He was going there one evening, in a very melancholy manner, with his eyes turned towards the earth, and had just entered the rails of the burial-ground, when he was accosted by the mild voice of somebody coming to meet him. "It is a blessed evening, Sir," said the voice. The gentleman looked up. Nobody but himself was allowed to be in the place at that hour; and yet he saw, with astonishment, a young chorister approaching him. He was going to express some wonder, when, he said, the modest though assured look of the boy, and the extreme beauty of his countenance, which glowed in the setting sun before him, made an irresistible addition to the singular sweetness of his voice and he asked him with an involuntary calmness, and a gesture of respect, not what he did there, but what he wished. "Only to wish you all good things," answered the stranger, who had now come up, "and to give you this letter." The gentleman took the letter, and saw upon it, with a beating yet scarcely bewildered heart, the handwriting of his wife. He raised his eyes again to speak to the boy, but he was gone. He cast them far and near round the place, but there were no traces of a passenger. He then opened the letter; and by the divine light of the setting sun, read these words:

"To my dear husband, who sorrows for his wife :

"Otto, my husband, the soul you regret so is returned. You

will know the truth of this, and be prepared with calmness to see it, by the divineness of the messenger, who has passed you. You will find me sitting in the public walk, praying for you: praying, that you may never more give way to those gusts of passion, and those curses against others, which divided us.

"This, with a warm hand, from the living Bertha."

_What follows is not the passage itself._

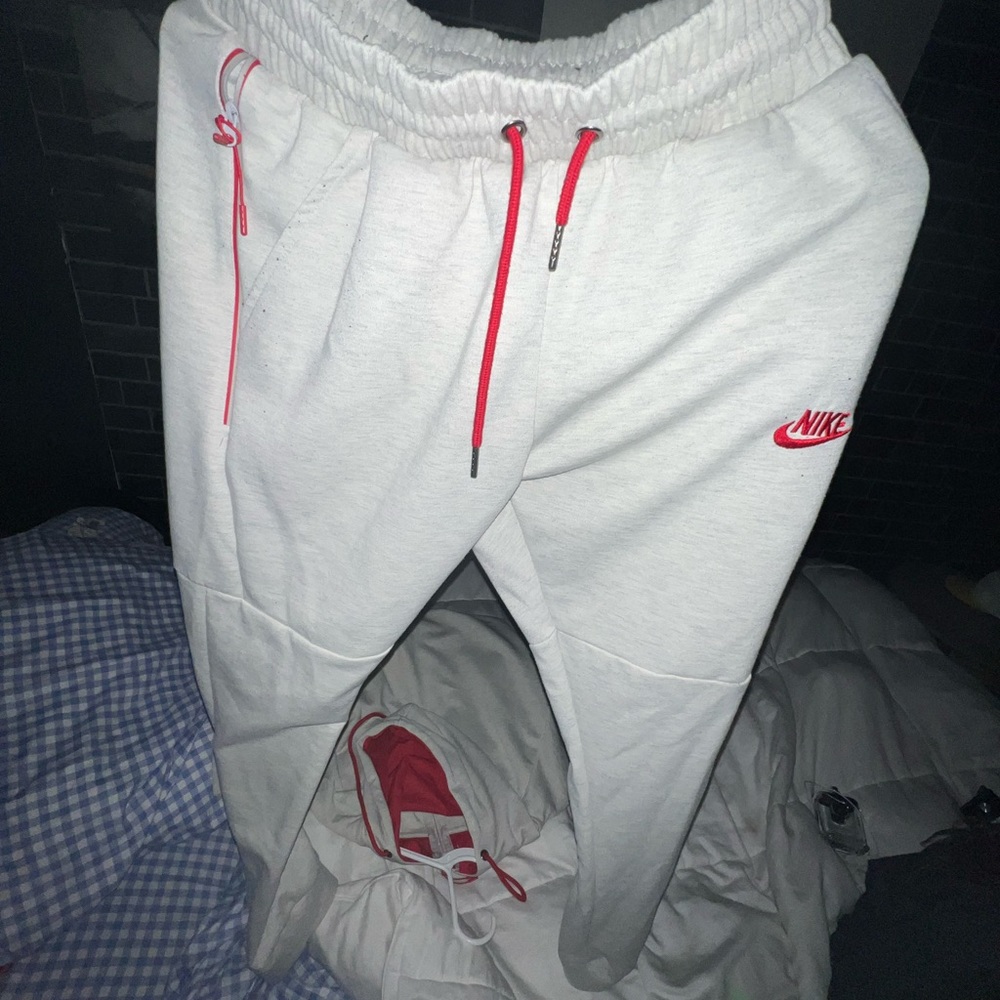 Nike tech - Picture 4 of 4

Otto (for such, it seems, was the gentleman's name) went instantly, calmly, quickly, yet with a sort of benumbed being, to the public walk. He felt, but with only a half-consciousness, as if he glided without a body. But all his spirit was awake, eager, intensely conscious. It seemed to him as if there had been but two things in the world-Life and Death; and that Death was dead. All else appeared to have been a dream. He had awaked from a waking state, and found himself all eye, and spirit, and locomotion. He said to himself, once, as he went: "This is not a dream. I will ask my great ancestors to-morrow to my new bridal feast, for they are alive." Otto had been calm at first, but something of old and triumphant feelings seemed again to come over him. Was he again too proud and confident? Did his earthly humors prevail again, when he thought them least upon him? We shall see.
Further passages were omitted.